PAVIA. Un'area per la sosta dei camper nella zona del Ticinello. E' il progetto che il Comune intende realizzare in tempi brevi. Ma l'idea non piace a molti residenti. Una lettera di protesta (con allegate circa 800 firme) è stata inviata al sindaco Piera Capitelli. Gli abitanti temono, tra l'altro, che questo terreno possa essere occupato abusivamente da nomadi in transito. «Già oggi - sostengono i firmatari - la zona, specie nel weekend, è popolata da una rumorosa popolazione di sudamericani che spesso, dopo le loro feste, lasciano per terra bottiglie di birra rotte».

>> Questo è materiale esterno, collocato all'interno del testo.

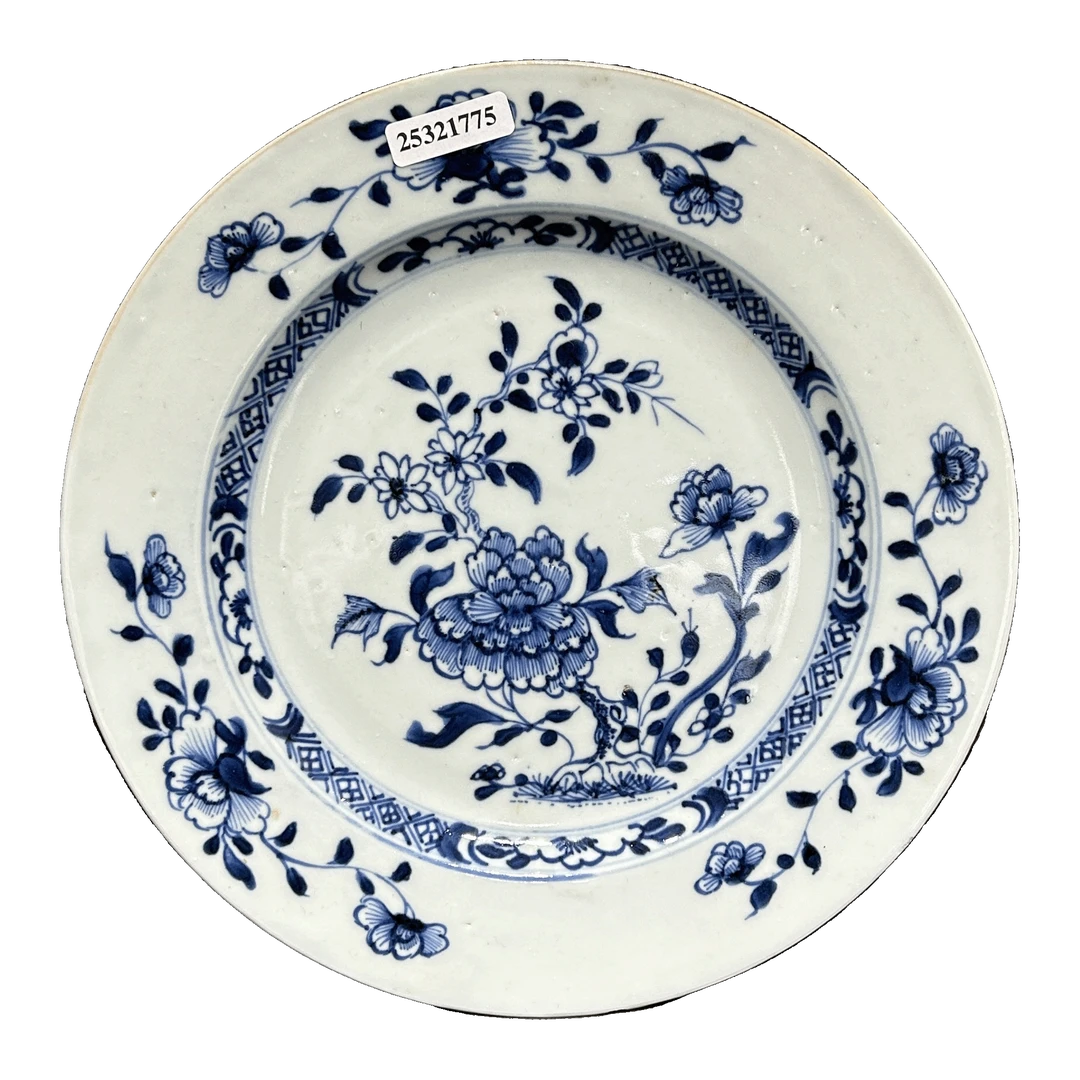 25321775g青花花卉纹折沿盘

Dal Comune si replica che l'area sarà tenuta sotto controllo (24 ore su 24) e le regole verranno fatte rispettare. Nei prossimi giorni il sindaco riceverà una delegazione dei sostenitori della petizione. L'iniziativa di scrivere alla Capitelli è nata dopo essere «venuti a conoscenza tramite la stampa locale - si legge nella lettera - dell'intenzione di trasformare parte del parcheggio Ticinello in zona di sosta attrezzata per roulottes e camper: noi desideriamo esprimerle la più ferma disapprovazione». Di seguito vengono elencate le ragioni della netta contrarietà dei residenti all'iniziativa promossa dalla giunta. «La zona - viene sottolineato nella petizione - ha una vocazione prevalentemente residenziale, non contraddetta, anzi confermata dai due importanti insediamenti scolastici, ed ha anche una valenza estetica di una certa qualità. L'attuale parcheggio fuori terra, con il suo aspetto desolato, è certo in contrasto con la restante parte del quartiere: fosse popolato di roulottes e campers, oltretutto inevitabilmente rumorosi, e, seppur ipoteticamente, non molto ordinati, peggiorerebbe ancora la situazione».
«L'occupazione del parcheggio - continua la lettera - sta progressivamente aumentando, riducendo quindi il carico sulle vie circostanti, effetto che sarebbe ancora maggiore se si volesse reprimere le soste in doppia fila ed agli angoli dei bar: possibile che si voglia impedire questo effetto benefico? Inoltre, siamo preoccupati che il risultato finale sia l'insediamento di gruppi nomadici, di cui, ovviamente, pur rispettandone le esigenze, non si vede perché debbano essere stanziati in una zona residenziale. Ci sembra anche giusto dire che se la cosa si avverasse, cercheremo con ogni modo di avere una riduzione degli estimi catastali».
Una presa di posizione di forte critica. Ma dal Comune fanno sapere che il progetto verrà portato avanti e non ci saranno disagi per i residenti. «L'area verrà attrezzata per 20 posti di camper e roulottes - spiegano a Palazzo Mezzabarba -. La sosta massima consentita sarà di tre giorni. E' prevista una sorveglianza continua: potrà entrare soltanto chi è autorizzato. Sarà consentito il carico e lo scarico d'acqua, ma verranno vietate tutte le altre attività: solo per fare un esempio, non si potranno organizzare grigliate».
Il faccia a faccia con il sindaco servirà a chiarire la questione. Resta la protesta dei residenti per una serie di problemi che non hanno ancora trovato soluzione: «la mancata realizzazione del ponticello sul Navigliaccio, subito a monte del ponte ferroviario, che aprirebbe la possibilità di passeggiate dal Ponte Coperto sino a Santa Sofia; l'esasperante ritardo dei lavori del cantiere a monte del Ponte della Libertà; la necessità di un intervento per difendere le piste ciclabili di Viale Libertà; perchè, infine, non si pensa di fare una rotonda sul pericoloso incrocio tra via Montebello e via Colombo?».